Monday, February 28, 2005

Some Thoughts…

This weekend, I went to Ooty for an outing and it was a wonderful experience. But, the previous week, I had a strong feeling that I will not come back. It was a bit frightening. I felt as if I was walking toward my death. I have no idea why I felt that creepy feeling each time I thought about the outing and it got worse as Friday evening approached. Still, I didn’t want to miss the opportunity and had decided to go, no matter what may come. In spite of such thoughts, I did truly enjoy the outing. There were a number of things that crossed my mind, and one moment I thought, if I ever come back I should write about those moments. Here they are…
I got a mail that my performance bonus is 18% (quite a good percentage considering my tenure), but even as I was reading that mail, I was wondering if I would ever be back to make use of it.
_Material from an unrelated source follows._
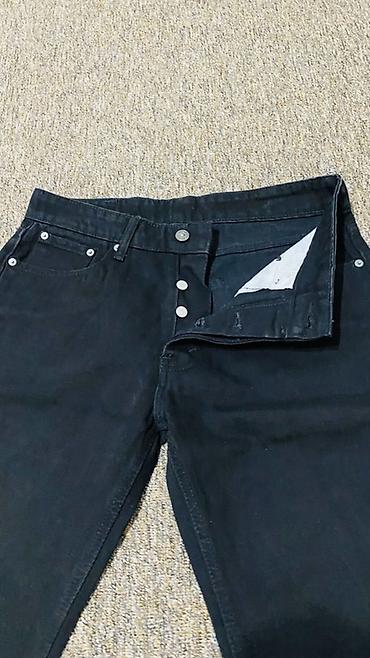 mind error jeans: Мужские джинсы, S, M, LeviS, Б/у, цвет - Черный, Самовывоз, Платная доставка — 2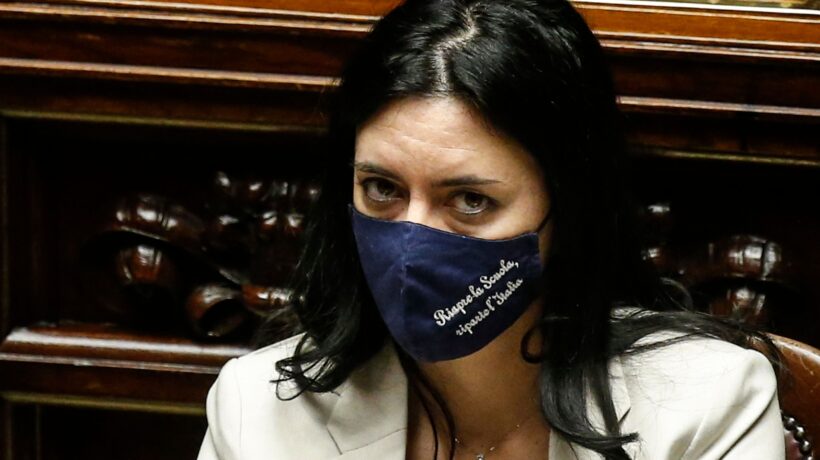 Nelle scuole da incubo ci si aggrappa al Web. E il ministro si indigna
When I was traveling home from office I found myself wondering if I would ever make that journey again. Whenever I saw something interesting on the way, I was thinking it was probably the last time.
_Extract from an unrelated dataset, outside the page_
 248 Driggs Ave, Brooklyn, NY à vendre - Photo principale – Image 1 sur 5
In the midst of such thoughts, came a load of questions in a flash. The question: Have I done anything useful so far? Has there been a purpose in my life? Have I done something not for myself, but for the benefit of others? When I am gone, how many of my friends get to know about it? And what would they be saying when they know I am gone? What would it do to my parents?
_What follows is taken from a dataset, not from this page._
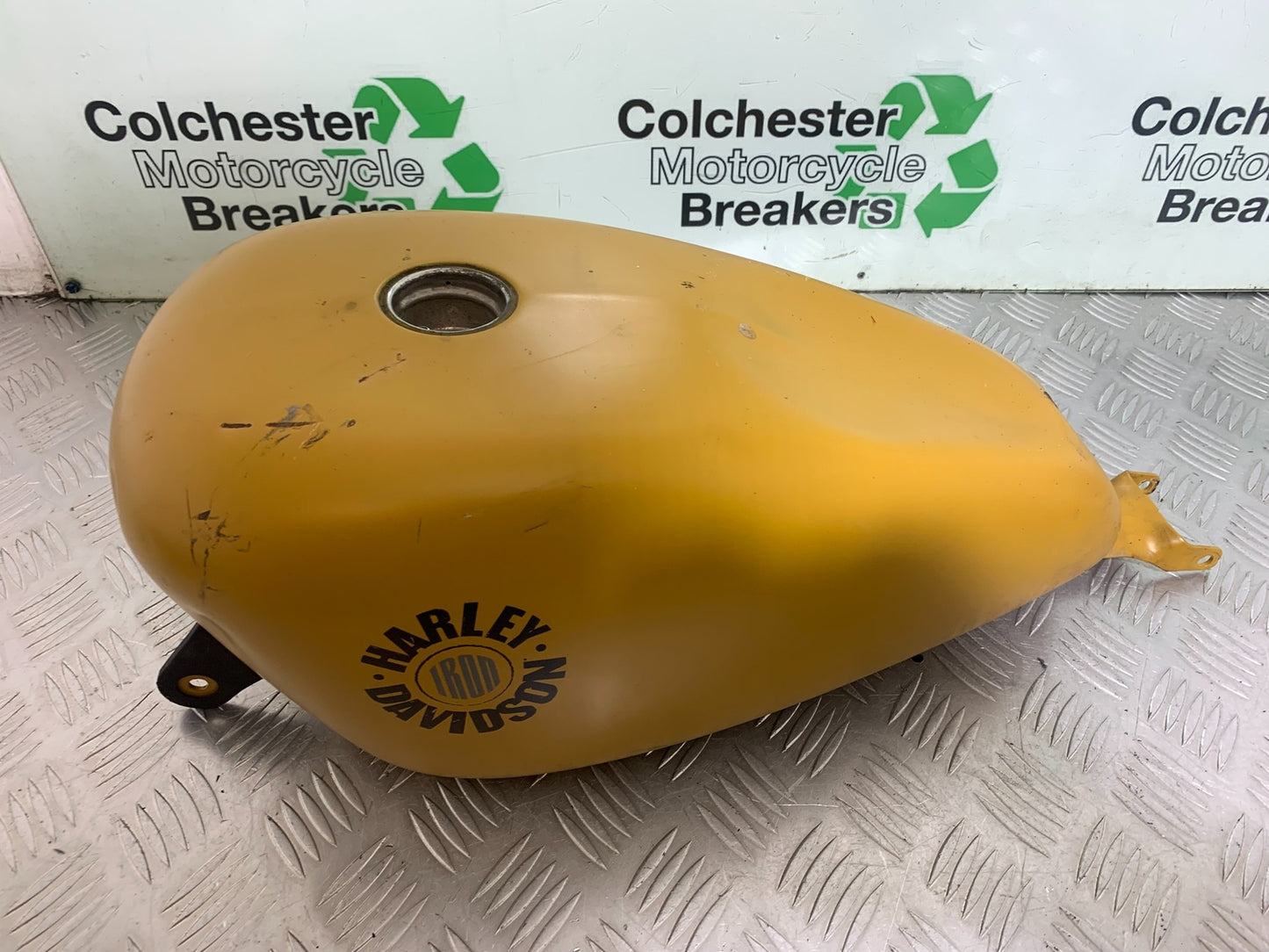HARLEY DAVIDSON XL883 N IRON PETROL TANK  YEAR 2020  (CMB1116)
First, I thought I had wasted my life. I was wondering if there was a single act that meant something to others. But, as time passed by, I realized that it wasn’t that bad at all. I remembered the numerous mails I’ve got so far from friends, appreciating the message I’ve sent in one mail or the other. I remembered the times they had asked me to continue sending mails and the inspiration I derived from such mails. I remembered a number of good things people have said about me and was satisfied. Finally, I thought it hasn’t been a bad life at all. Still, I think I could have done more.
There would be some friends who wouldn’t realize my absence for quite some time. These would be people who don’t really keep in touch, people who mail in or call once in a blue moon. There are others who would realize it pretty soon, because they mail in often. But all they can do would be to call my mobile or mail in. Not sure if they would get any answer. So, most of them wouldn’t get to know.
Even as I was leaving home, I had this feeling that I wouldn’t come in again. I was looking around my room, as if I would never be there. Even when I was leaving I asked my mom to pray for me and she said, “ you ask or not, you would remain in my prayers all the time.” That was a comforting thought.
As I was going to the railway station, my prayer was, “Lord Jesus, if I don’t survive, Please give my parents the strength to get through it, and if I survive with injuries, give me the strength to bear the pain”. I found myself wondering what a wonderful way it would be to leave this earth toward heaven, surrounded by the bountiful nature and beautiful valleys.
Even when we had finished or outing without any untoward incidents, I didn’t dare to think that we would reach home safe. We were a long way from home. I could rest only when I reached home on Monday morning.